Other than the PCCs, we can consider overhauling the six-decade-old structure of the police force:

  • The state police apparatus should report to the highest elected official of the state government i.e. the menteri besar or chief minister. Police crime commissioners should also report to the MB/CM through a PCC secretariat which collates their respective area reports and compiles a state-wide analysis for the attention of the exco member responsible, inter alia, for police matters.
     
  • Federal police authority should be reserved for handling interstate or international crimes. e.g a Malaysian FBI would handle crimes involving terrorism, counter-intelligence, cybercrime, constitutional rights, organised crime, violent crime and white-collar crime. The FBI director would be the highest federal police officer and reports to the home affairs minister.
     
  • A Malaysian Drug Enforcement Agency or DEA would focus on drug-related offences.
     
  • The Malaysian Anti-Corruption Commission or MACC should report directly to Parliament and would receive its funding directly from allocations passed by Parliament. This ought to bypass the PM’s office as corruption is a national security issue as we saw from the 1MDB affair.

The way police operations have been conducted for decades hasn’t changed a bit despite the watershed event of May 9. Well okay, it's only 47 days.

But a systematic review of its operations must be expeditiously undertaken by the minister concerned and irrelevant, outmoded and perhaps even odious practices be identified for progressive elimination, root and branch.

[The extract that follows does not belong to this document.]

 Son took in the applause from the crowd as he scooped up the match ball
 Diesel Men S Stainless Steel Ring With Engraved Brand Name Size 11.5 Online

The new government does not have to do this within 100 days or 1,000 days but it should begin getting this particular part of the house in order.

Because it takes a lot of time and because all roads lead to GE15 in 2023 which is only four years, 10 months and 16 days away now.

Once people have tasted changing a government peacefully, they know it is doable.


The views expressed here are those of the author/contributor and do not necessarily represent the views of Malaysiakini.